[Crawled caption data]
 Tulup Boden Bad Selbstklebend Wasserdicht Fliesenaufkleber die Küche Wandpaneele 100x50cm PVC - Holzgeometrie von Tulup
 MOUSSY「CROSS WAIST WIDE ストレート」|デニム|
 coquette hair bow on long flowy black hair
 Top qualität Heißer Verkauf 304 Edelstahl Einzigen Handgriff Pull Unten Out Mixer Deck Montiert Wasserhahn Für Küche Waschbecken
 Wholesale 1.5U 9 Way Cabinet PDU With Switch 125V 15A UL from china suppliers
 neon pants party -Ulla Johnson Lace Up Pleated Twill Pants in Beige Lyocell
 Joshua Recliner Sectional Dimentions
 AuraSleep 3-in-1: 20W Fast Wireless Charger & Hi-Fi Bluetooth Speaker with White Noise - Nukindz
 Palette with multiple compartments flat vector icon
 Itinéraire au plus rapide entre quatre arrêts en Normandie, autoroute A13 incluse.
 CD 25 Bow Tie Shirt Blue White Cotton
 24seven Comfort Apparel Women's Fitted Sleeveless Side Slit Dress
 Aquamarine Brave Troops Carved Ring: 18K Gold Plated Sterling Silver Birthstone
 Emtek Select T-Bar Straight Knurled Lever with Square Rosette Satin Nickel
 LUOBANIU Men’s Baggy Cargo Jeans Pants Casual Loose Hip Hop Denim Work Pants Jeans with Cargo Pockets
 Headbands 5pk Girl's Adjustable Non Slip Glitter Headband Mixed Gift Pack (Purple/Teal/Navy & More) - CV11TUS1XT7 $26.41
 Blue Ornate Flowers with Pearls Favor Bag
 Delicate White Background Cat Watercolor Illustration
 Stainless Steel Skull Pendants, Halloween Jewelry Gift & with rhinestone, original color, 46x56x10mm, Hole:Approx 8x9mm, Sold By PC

- [EXERCISE INSTRUCTIONS]
Return every line above that contains the word "Küche".

- [TASK OUTPUT]
 Tulup Boden Bad Selbstklebend Wasserdicht Fliesenaufkleber die Küche Wandpaneele 100x50cm PVC - Holzgeometrie von Tulup
 Top qualität Heißer Verkauf 304 Edelstahl Einzigen Handgriff Pull Unten Out Mixer Deck Montiert Wasserhahn Für Küche Waschbecken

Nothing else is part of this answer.